Yesterday my mentor warned against taking audience feedback. Your film is not for everyone. Your vision is your own. Revision is one thing, diluting your vision is another.
As my editor & I have been sharing recent cuts to various people, this fable (Aesop) has been in my head:
A Man and his son were once going with their Donkey to market.
As they were walking along by its side a countryman passed them
and said: “You fools, what is a Donkey for but to ride upon?”

So the Man put the Boy on the Donkey and they went on their
way. But soon they passed a group of men, one of whom said: “See
that lazy youngster, he lets his father walk while he rides.”
So the Man ordered his Boy to get off, and got on himself.

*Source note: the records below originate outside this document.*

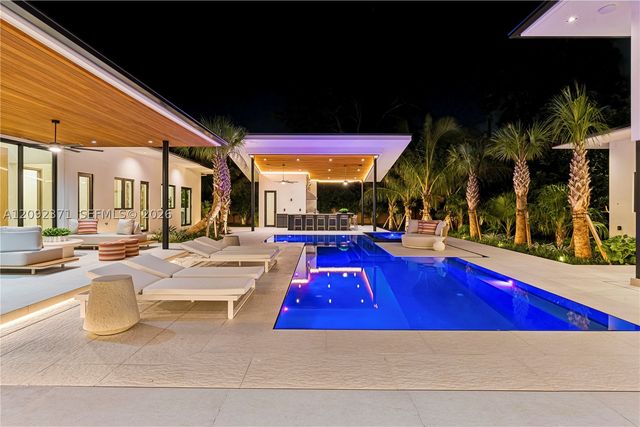 12250 SW 62nd Ave, Pinecrest, FL 33156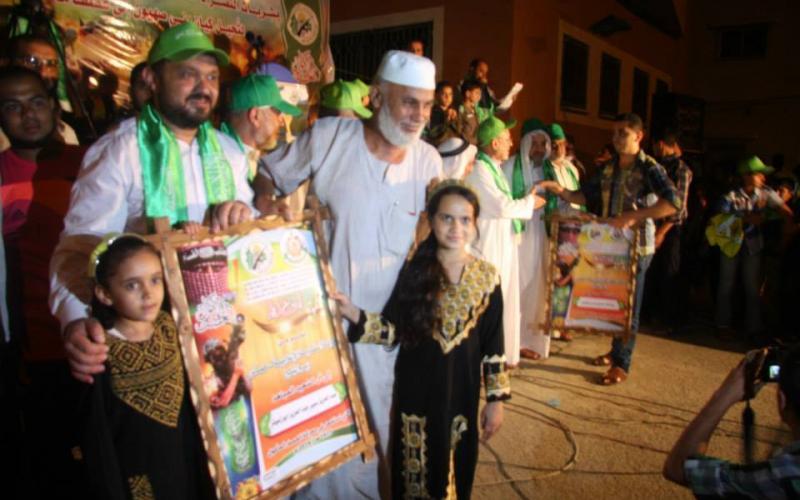 صور: حماس تكرم ذوي الشهداء بدير البلح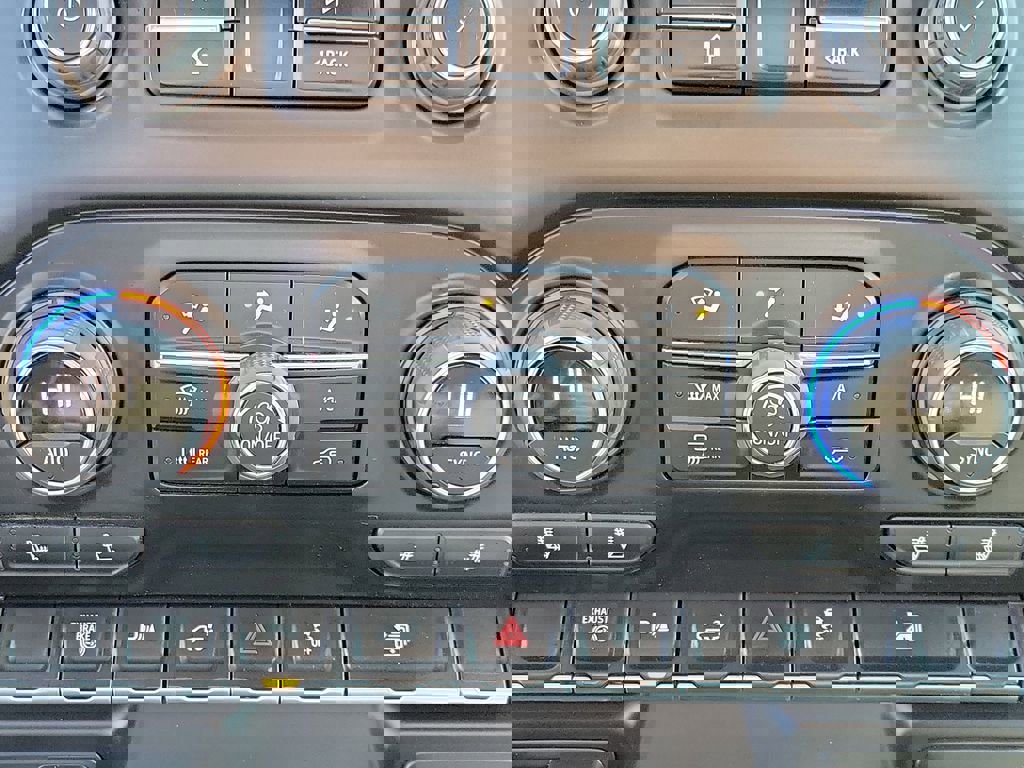 Used 2022 Chevrolet Silverado 3500 LT w/ Texas Edition image 33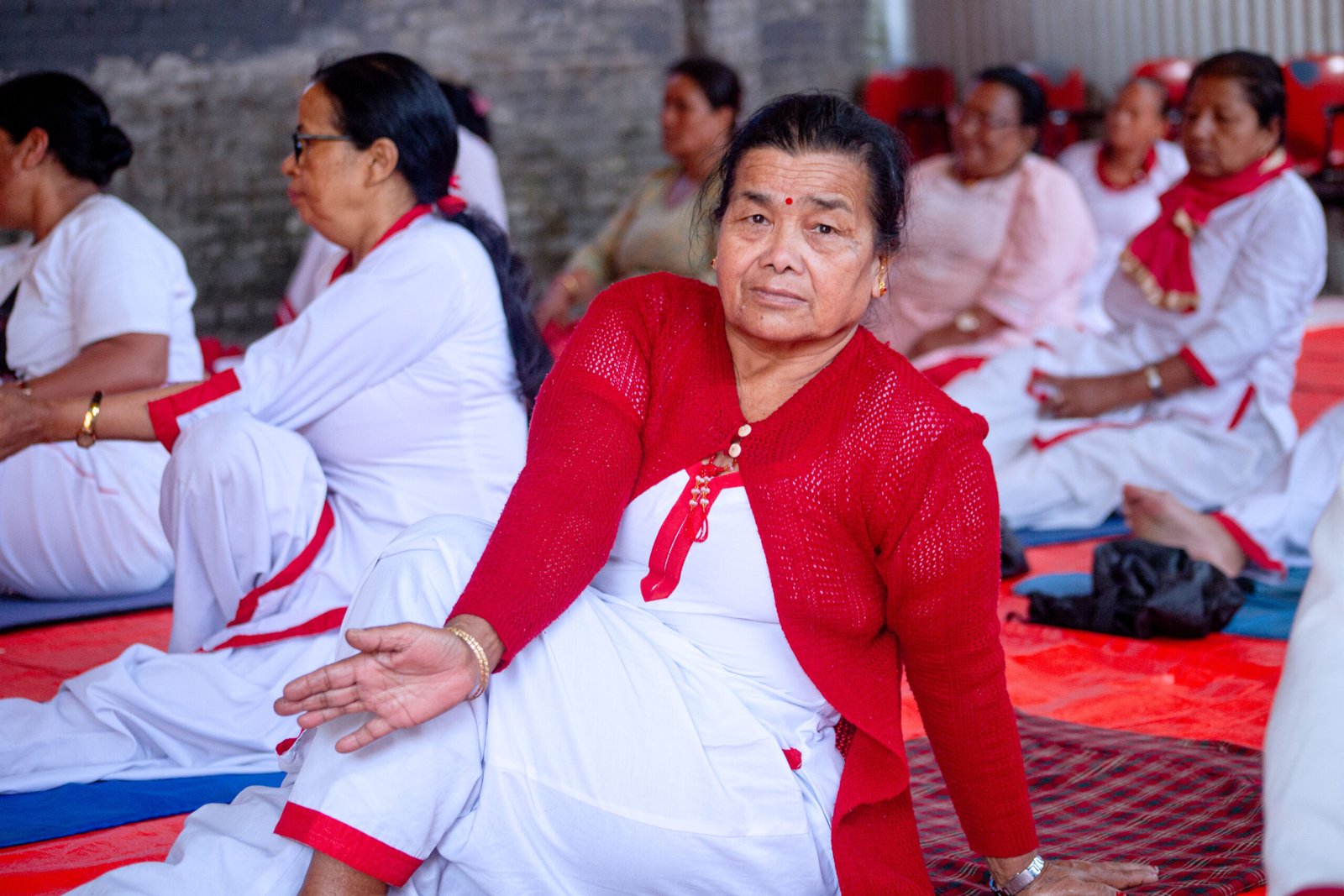 योगले फेरिँदै महिलाको दैनिकी: स्वास्थ्यसँगै आत्मविश्वास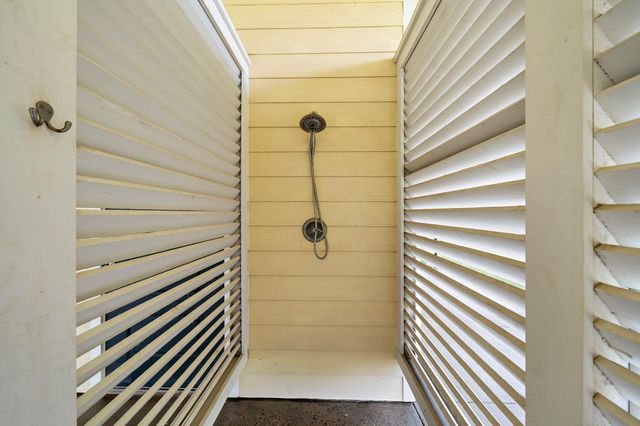 4139 King Rail Circle, Galveston, TX 77554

But they hadn’t gone far when they passed two women, one of whom
said to the other: “Shame on that lazy lout to let his poor little
son trudge along.”
Well, the Man didn’t know what to do, but at last he took his
Boy up before him on the Donkey. By this time they had come to
the town, and the passers-by began to jeer and point at them. The
Man stopped and asked what they were scoffing at. The men said:
“Aren’t you ashamed of yourself for overloading that poor donkey
of yours and your hulking son?”
The Man and Boy got off and tried to think what to do. They
thought and they thought, till at last they cut down a pole, tied
the donkey’s feet to it, and raised the pole and the donkey to
their shoulders. They went along amid the laughter of all who met
them till they came to Market Bridge, when the Donkey, getting one
of his feet loose, kicked out and caused the Boy to drop his end
of the pole. In the struggle the Donkey fell over the bridge, and
his fore-feet being tied together he was drowned.
“That will teach you,” said an old man who had followed them:
“Please all, and you will please none.”
As my mentor said, you can cut endlessly, endlessly restructure.
At a recent point my editor & I decided to try a new cut after having reached a good one with a strong structure– we were happy with it. Do we stop and refine, or take the risk of a new direction & restructuring? Someone described the feeling as akin to killing your child. But as the fable illustrates, you actually kill your value when you stray from your vision. Simple but also difficult. No one has the answers except you in the midst of the process.